The Grand Duchy Is a Great Cultural and Architectural Melting PotIT IS EASY TO INTEGRATE INTO THIS CITY, WHERE YOU CAN FEEL AN INTERNATIONAL ATMOSPHERE ALMOST EVERYWHERE, AS ALUMNA ROSSANA PASINI RECOUNTS
About half of Luxembourg’s inhabitants do not originate from the Grand Duchy. Luxembourgers of foreign origin are mostly Portuguese. Then there are the Italians, the French, the Germans, and so on. The reason for so much national variety is almost exclusively due to work reasons: transnational corporations have opened their offices here, attracted by Luxembourg’s favorable tax regime.

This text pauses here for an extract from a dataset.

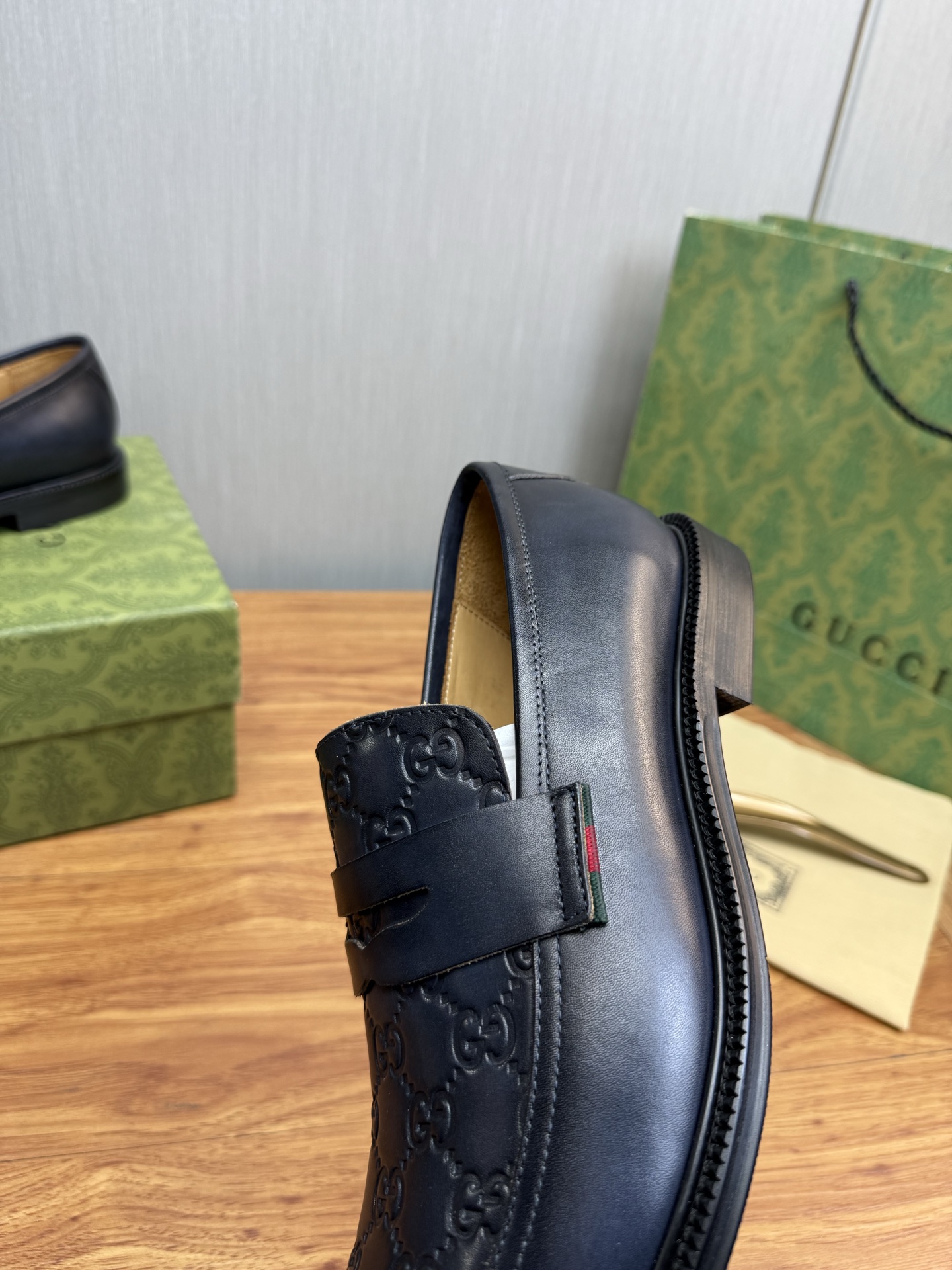 Gucci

In companies, several languages are spoken, and the same is true of the small country’s public offices, banks and supermarkets: it is not uncommon to come across a cashier or an official who knows your language. Italian is certainly one of the most widespread idioms in Luxembourg, and in restaurants offering traditional Italian cuisine, hearing Italian is a guarantee of authenticity. In these venues, the staff speaks almost exclusively the language of Dante, either at the tables or on the phone.
Mingling into Luxembourg's life is a fluid and immediate process, and not only for linguistic reasons: the easiest way to look for a home is to go on the online real estate agency www.athome.lu; news about the capital city and its cultural events are conveniently listed in a local magazine, to which every resident has a free subscription.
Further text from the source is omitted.